Wednesday, March 27, 2013

Unity 3D + Oculus Rift: Not free... yet

Since the recent announcement by the Oculus Rift team that their Unity 3D plugin will only work with the Pro version of Unity, there has been a HUGE uproar in the Indie development community about what this implicitly means: Mainly, if you want to use Unity 3D to develop games for the Oculus Rift, you'll have to pay the $1,500 Unity Pro licensing fee.

I've noticed that roughly 90% of the vitriolic comments on this issue fall into one of two categories:
  1. People screaming about how terrible it is to force developers to pay $1,500 for a licensing fee, and then threatening to cancel their pre-orders.
  2. People angrily asking whether or not the information is true - multiple times, despite receiving responses.
Although I very much sympathize with the concerns about this unexpected price tag, a few points should be noted regarding the best method to express those concerns.

Regarding the first category, nobody is being forced to pay $1,500 for a licensing fee.  If you don't want to pay, there are other methods of developing 3D games for the Oculus Rift that are free - mainly, the newly announced FREE Unreal Development Kit which is coming out in April.

Regarding the second category of comments, I have but one relatively obvious piece of advice: Go to the source .  The moment I read this announcement, I shot off an email to the Oculus Rift support team and received a quick response.  Here's what they said:
"Hi Matt - currently the occulus rift implementation requires requires image effects (a Unity Pro feature) to distort the rendering path to properly match the hardware, from what I gather, so this is a technical limitation (not a Unity a business choice) currently. Hopefully further down the line occulus rift developers may provide a plug in which does not require these pro features to work, but as it's early days I can only recommend that you raise your concerns with them on their forums."
True, not exactly the answer I was looking for, but it is a definitive answer.  Screaming for a different answer in the forums is just pointless.
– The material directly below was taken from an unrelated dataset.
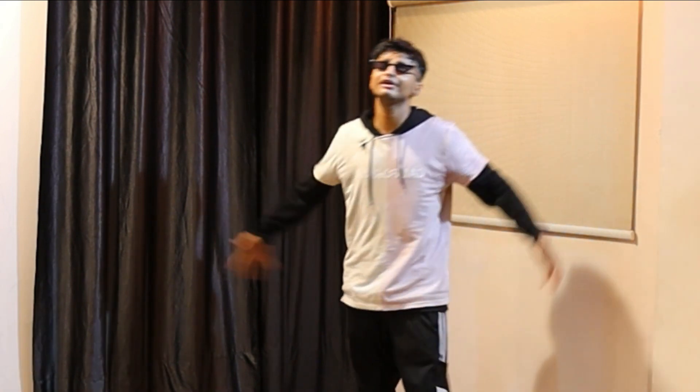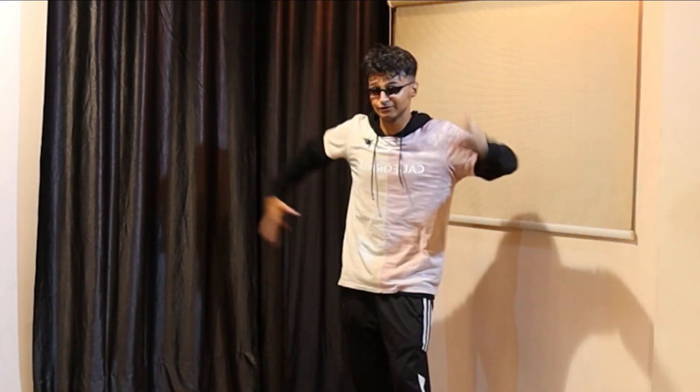Now let's play it right from the top on the slow music so that you'll be getting the idea of how to do it on the music. Come on, five six seven go.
Now let me be clear, I am just as disappointed as the next hobbyist developer about the Unity Pro requirement.  After all, Unity is a breeze to work with, and it seems to support more platforms than the UDK.  But we gotta' keep things in perspective here.  The Oculus Rift development kits haven't even started shipping yet (although technically they are supposed to tomorrow), we are all getting four free months of Unity Pro to play with, and there are a lot of very smart developers out there who probably would like nothing more than to score major points by providing the rest of us with a hack to get things working on the free Unity version.

Meaning, relax.  Take what you can get in the short-term, and if history is any indication, we'll get what we want in the long-term.


  1. My main question is will this even work with my paid version of Unity 3.x Pro. I've been having issues opening the unity packages in my current version and think it's absolute B.S. that I am being forced to upgrade to Unity 4.

    The Oculus Rift had been in development before Unity 4 was even released, so this is very troublesome for me and my small studio, which has limited financial resources to begin with.

    1. I agree, it definitely sucks to be forced into paying for an upgrade. Out of curiosity, what are the errors you're getting when you try opening the unity packages in your current version?

    2. You might have to do some work to make it happen, but there's absolutely no reason this couldn't work with Unity 3.x Pro. Just like the article said, the issue is the full screen image effects, which 3.5 Pro has. After you have that working, you'll just need to get data from the sensor, which I imagine doesn't use any Unity 4 features either.